Tadeusz nodded slowly and lit a cigarette as he lay back on the grass.
‘I have to call again tonight. But I think it will be OK. My aunt has a farm in the south of Poland near the Czech border. She needs some help around the place and you should be fine to stay there for a few months, after that, no problem for a good carpenter to get some work in Germany.’
‘That sounds good to me. This place is getting a little bit unhealthy right now.’
‘I understand.’ Tadeusz grinned. ‘I let you know tomorrow.’
Stefán didn’t need telling twice.

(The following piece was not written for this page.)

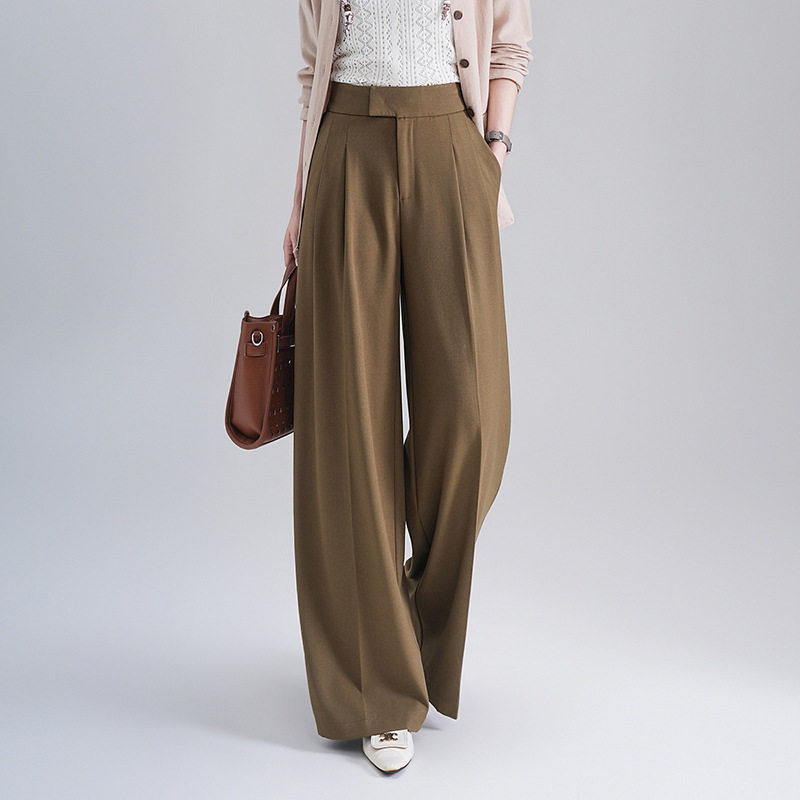 宾利酷堡女裤女2026夏季新款阔腿裤垂坠感高级感斜插口袋休闲裤子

As soon as he had finished the call, he was out of the door and heading for the Megane. It had collected a few scratches since yesterday and he was painfully aware that classes at the gym would have to be cancelled while he took care of business. He texted his students as he sat in the car at the lights, keeping his head low as he assumed the police would now be looking for him.
He hurtled through town faster than he knew was sensible, but unable to keep his foot off the accelerator. Nobody had ever made a fool of Stefán Ingason to quite such an extent and the pain in his arm was a reminder of that fact. Alli had found an off-duty nurse who’d disinfected and dressed the wound, no questions asked in return for a bag of money, but it still hurt, and he recalled the sour middle-aged woman’s lips, pursed in disapproval at the sight, tutting as she dressed the ragged injury.